Earlier than launch, Anthropic performed a complete alignment and security analysis of Opus 4.8, the place it discovered that the mannequin carried out higher than the sooner editions. It supported person autonomy and acted in the perfect pursuits of the person. The mannequin additionally confirmed significantly decrease charges of dangerous behaviours, comparable to deception or aiding misuse, when in comparison with Claude Opus 4.7.

Furthermore, its alignment ranges have been reportedly similar to the corporate’s best-aligned mannequin – Claude Mythos Preview, Anthropic’s frontier mannequin that’s so highly effective that the corporate has given its entry to a motley group of trusted companions.
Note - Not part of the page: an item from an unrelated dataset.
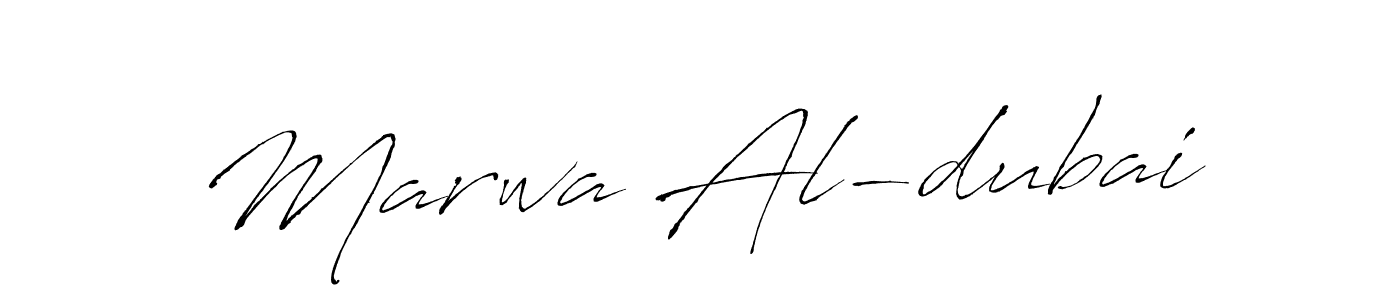 How to make Marwa Al-dubai name signature. Use Antro_Vectra style for creating short signs online. This is the latest handwritten sign. Marwa Al-dubai signature style 6 images and pictures png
“The evaluation additionally confirmed Opus 4.8 to have charges of misaligned behaviour (comparable to deception or cooperation with misuse) which might be considerably decrease than Opus 4.7 and much like our best-aligned mannequin, Claude Mythos Preview. The complete alignment evaluation, accompanied by a set of pre-deployment security assessments, is reported within the Claude Opus 4.8 System Card,” the corporate mentioned in its weblog.
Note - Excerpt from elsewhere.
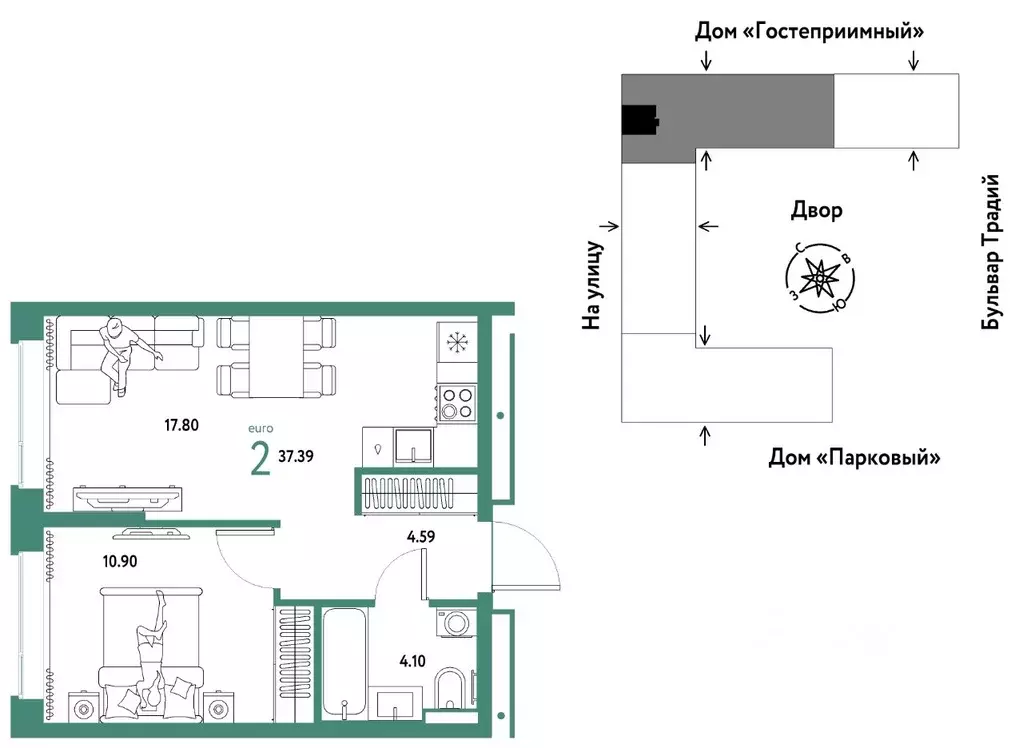 2-к кв. Тюменская область, Тюмень ул. Новоселов, 100 (37.39 м) - Фото 0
Story continues under this advert

With regards to benchmarking, Anthropic mentioned that Opus 4.8 achieved the very best rating on its Harvey’s Authorized Agent Benchmark, which evaluates authorized reasoning, changing into the primary mannequin to cross an general 10 per cent on the benchmark. On laptop use and browser brokers, the mannequin reportedly secured 84 per cent on On-line-Mind2Web. The mannequin demonstrated enhancements in enterprise work and agentic reasoning.
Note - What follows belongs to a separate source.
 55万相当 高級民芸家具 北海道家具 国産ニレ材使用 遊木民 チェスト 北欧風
Anthropic emphasised decreased unsupported claims and improved uncertainty reporting. These are the scores shared by the corporate; nevertheless, an intensive evaluation by third-party testers might provide extra goal outcomes.



Source link

Anthropic Claude Honesty news Opus overconfidence prioritises Technology
Share. Facebook Twitter Pinterest LinkedIn Tumblr Email

Related Posts

One UI 8.5 Unlikely to Come to Galaxy S22, Fold 4 and More

June 10, 2026

OnePlus N Series Budget Phones Tipped For India

June 10, 2026

Snowflake expands AI offerings with new development and governance tools | Technology News

June 10, 2026

iPhone 18 Pro Samples Show New Colours – One is a Clear Winner

June 10, 2026
Add A Comment
Leave A Reply Cancel Reply

Editors Picks

Argentina look like 2022 again. Can Lionel Messi and the old guard win?

June 10, 2026

Jimmy Kimmel Nails Biggest Flaw In Trump’s Conspiracy Theory

June 10, 2026

King Charles Evicts Beatrice And Eugenie From Royal Homes

June 10, 2026

One UI 8.5 Unlikely to Come to Galaxy S22, Fold 4 and More

June 10, 2026
Popular Post

An Alarm Clock is my Favourite Piece of Tech From Last Few Years

Siberian Tiger Travels 200 Km Across Russian Forest To Reunite With Former Mate

Trump White House’s ‘Golden Age’ POV Clip Triggers Massive Cringe Fest Online

Subscribe to Updates

Get the latest news from JHB News about Bangalore, Worlds, Entertainment and more.

JHB News
Facebook X (Twitter) Instagram Pinterest
  • Contact
  • Privacy Policy
  • Terms & Conditions
  • DMCA
© 2026 Jhb.news - All rights reserved.

Type above and press Enter to search. Press Esc to cancel.